Cincinnati takes stock, one year after the riots

A year after the fatal shooting of an unarmed black man led to the city's worst riots in decades, the city's police union approved a proposed settlement of a lawsuit that accused officers of harassing blacks.

On Sunday, hundreds of demonstrators had marched through the city chanting "No justice, no peace," protesting what they called an enduring racial divide in the city.

The City Council and the Black United Front already had approved the tentative settlement, which would create an independent agency to investigate complaints against the police and institute reforms in police procedures. The city admitted no wrongdoing.

The American Civil Liberties Union was expected to vote later yesterday on whether to accept the proposal. If any party rejects the settlement, all sides could agree to renegotiate a deal, or the lawsuit would go to trial.

The city reached a separate agreement with the Justice Department last week on the federal government's review of police operations. The Fraternal Order of Police vote was 62 percent in favor of the agreement and 38 percent against, said Roger Webster, president of the FOP's Queen City Lodge 69.

On Sunday, police gave the demonstrators a wide berth at the gatherings at City Hall, police headquarters and in the alley where Timothy Thomas, 19, was shot on April 7, 2001, as he fled from officers who tried to arrest him.

"Here we are a year later and not much has changed. I guess the city didn't think we were serious. Are we serious?" Victoria Straughn of the Coalition of Concerned Citizens for Justice asked the cheering protesters.

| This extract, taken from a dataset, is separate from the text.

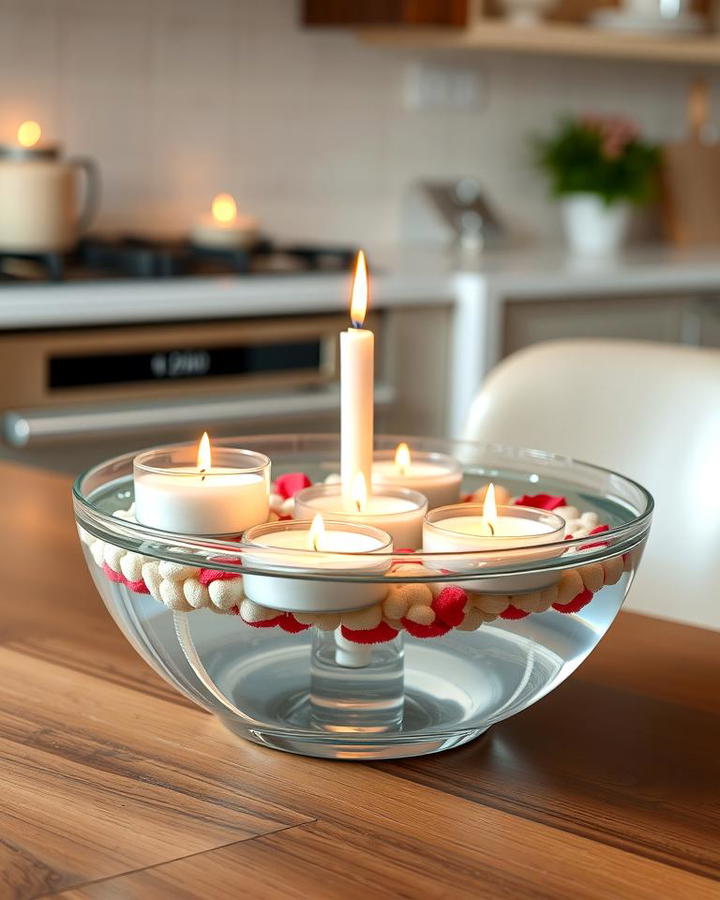 Floating Candles in Glass Bowls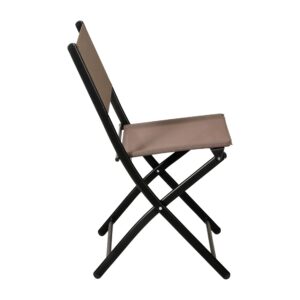 Flash Furniture Brazos Commercial Indoor-Outdoor Folding Chairs, Flex Comfort Backs/Seats, Metal Frames, Portable Lightweight Foldable Design, Set of 2, Brown/Black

Dozens of people were injured and more than 800 were arrested in the three days of violence that followed Thomas' death. Officer Stephen Roach was acquitted on criminal charges in connection with the shooting.

City and business leaders said they have spent the past year trying to boost education and job opportunities for blacks, including employment training programs and funding to revitalize poor neighborhoods. Activists disagree, contending the city has not done enough to help black residents economically and that the rights of blacks continue to be violated.

Among the speakers at Sunday's rally was Thomas's mother, Angela Leisure.

"I do not advocate violence of any kind. Nor do I have malice, hate, or vengeance in my heart," she said. "I implore everyone – community members, leaders, and the police – to work together to foster a sense of unity and peace, for it is under these conditions that we will see justice."